Why New York City might house migrants in Central Park

A row of migrants, protected behind a metal barricade, sleep on cardboard on the sidewalk.
Migrants sleep in line for placement at the Roosevelt Hotel intake center in New York City on Tuesday. (Timothy A. Clary/AFP via Getty Images)

New York City is considering housing migrants in Manhattan’s iconic Central Park, to deal with the influx of asylum seekers that is overwhelming the city’s homeless shelters.

“Everything is on the table,” Deputy Mayor for Health and Human Services Anne Williams-Isom said Wednesday at a press conference when asked if migrants might be sheltered in parks. Central Park and Brooklyn’s Prospect Park — another of New York City’s most popular parks — are among 3,000 locations the city is considering.

“We think that the system is at a breaking point,” she added.

Adding any form of housing in the city’s most heavily used parks would likely prompt significant public pushback. On Tuesday, the New York Daily News reported that City Hall is considering putting tents for migrants on soccer fields in Randall’s Island Park, prompting objections from park users that children would lose thousands of hours of recreation.

The roots of the crisis

Fleeing poverty, violence and political repression, migrants arriving at the southern border may apply for political asylum and be released until their application is processed. Due to backlogs, as of May, over 1.3 million asylum applications are waiting to be processed. More than 95,000 asylum seekers have arrived in New York in the past 15 months, with an additional 300 to 500 arriving each day, and more than 56,000 are still in the city’s care.

Tight on space

A migrant, looking drawn and tired, sits on the sidewalk with many others behind a barrier outside the Roosevelt Hotel.
Migrants in search of temporary housing camp outside the Roosevelt Hotel in New York City on Tuesday. (Spencer Platt/Getty Images)

New York is the most densely populated major city in the United States, with three times as many residents per square mile as Los Angeles and more than seven times as many as Houston.

With high demand for housing and little new construction in recent decades, the city has among the nation’s highest rents and a vacancy rate below 1% for the most affordable housing.

Asylum seekers are legally barred from seeking employment for at least their first six months in the country, making it especially difficult for them to afford New York rents.

The inevitable result is an influx of migrants into the city’s shelter system, which is already burdened by a high rate of homelessness. The shelter population passed 100,000 in late June, for the first time in history. It now stands at 107,900, roughly half of whom are migrants.

Right to shelter

A panel of city officials, with Deputy Mayor Anne Williams-Isom third from left.
Deputy Mayor Anne Williams-Isom, third from left, at a press conference on the response to asylum seekers at New York City Hall on Wednesday. (Timothy A. Clary/AFP via Getty Images)

Under New York law, those who seek shelter cannot be turned away, meaning that the city has to find them a bed.

Buildings from churches to former prisons have been recently repurposed as shelters and filled with cots. But the city is struggling to keep pace with the rapid influx of immigrants, who have been sleeping on cardboard boxes on the sidewalk as they wait for days outside a processing center in midtown Manhattan. As of Wednesday, 200 people were lined up outside the center, according to the New York Post.

The city has also created temporary shelters, including setting up tents in outdoor areas such as a cruise terminal. In response to complaints that the facility was too cold and lacked adequate bathrooms, Mayor Eric Adams himself spent a night on a cot there in February.

Asylum seekers are also being housed in hotels at the city’s expense. Migrants have also been bused to hotels in the Hudson Valley, one to two hours from the city, but two local county governments there won a lawsuit last week blocking more migrants from being sent to them.

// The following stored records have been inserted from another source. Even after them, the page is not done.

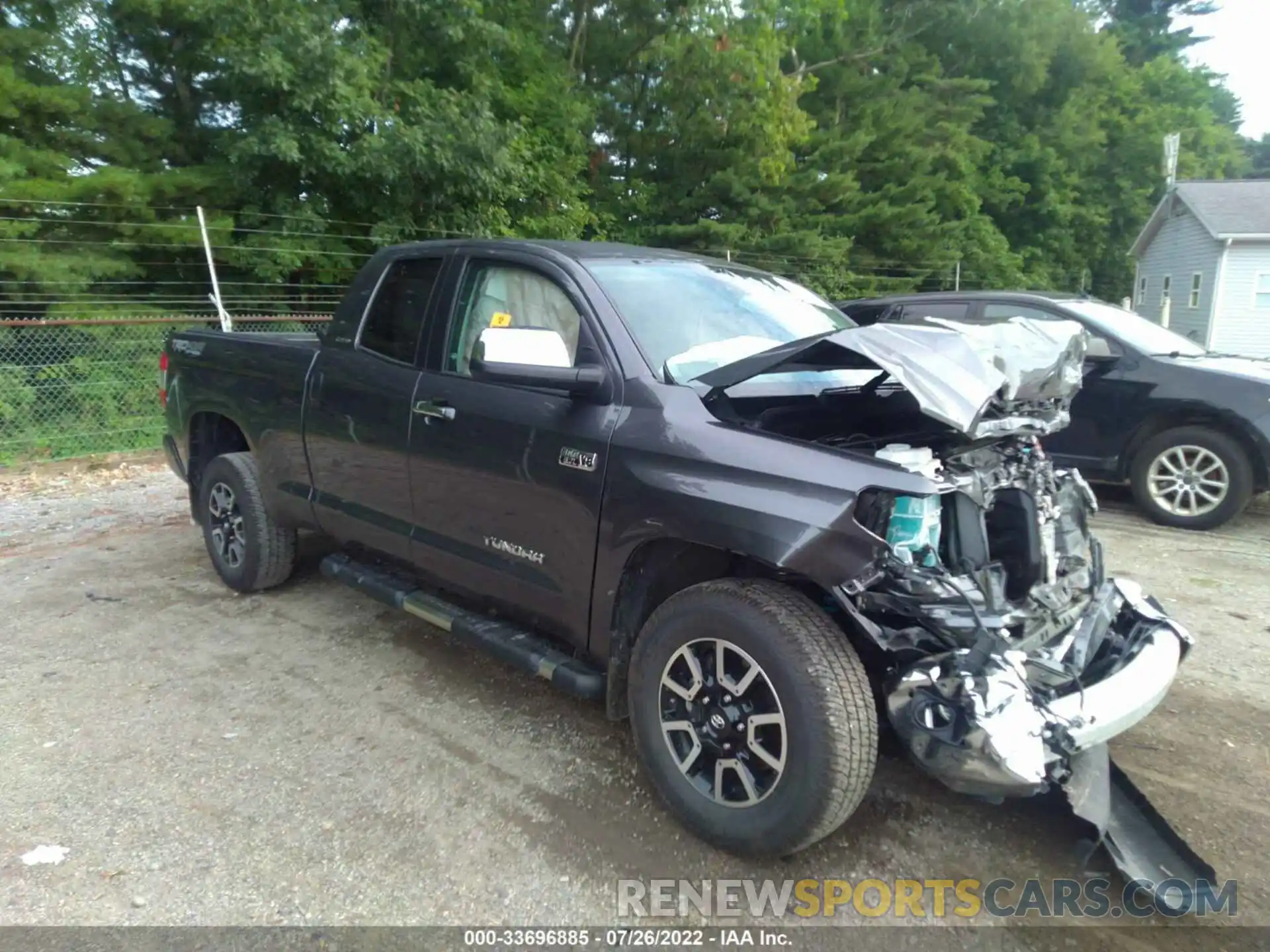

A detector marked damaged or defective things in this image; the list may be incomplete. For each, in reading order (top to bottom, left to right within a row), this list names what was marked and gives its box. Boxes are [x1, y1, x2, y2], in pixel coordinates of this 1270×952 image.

shattered windshield [585, 262, 852, 381]
crumpled hood [688, 320, 1085, 439]
shattered windshield [1069, 301, 1206, 357]
severe front-end damage [693, 317, 1222, 910]
damaged bumper [884, 584, 1191, 799]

Adams recently announced that the city will limit shelter stays to 60 days for single men, drawing criticism from progressives such as New York City Comptroller Brad Lander.

Running out of options

A couple walks by as people lie on the grass in the park, with Manhattan highrises and trees in bloom in the background.
People enjoy a sunny day at Central Park in New York City on April 10. (Leonardo Munoz/VIEWpress/Getty Images)

In a city where private outdoor spaces are considered a luxury, the city’s parks — especially its beautifully landscaped parks like Central Park and Prospect Park — are widely treasured and heavily used by the public for a variety of purposes, from picnics and barbecues to concerts and Little League sports. Ceding some of that parkland to temporary housing would represent a real sacrifice for New Yorkers. Central Park is also a major tourist destination.

It has happened before in times of crisis, however. When homelessness spiked during the Great Depression, shanty towns sprang up on parkland, and three such communities were erected on Central Park’s Great Lawn. But they disappeared when the economy recovered. New York City also erected a field hospital in the spring of 2020 to handle patients overflowing from local hospitals during the first wave of the COVID-19 pandemic.

“It’s been out of the public view until now,” New York City Emergency Management Commissioner Zach Iscol told Politico on Thursday, discussing the migrant housing shortage “And I think people really just had no idea about this hidden humanitarian crisis.”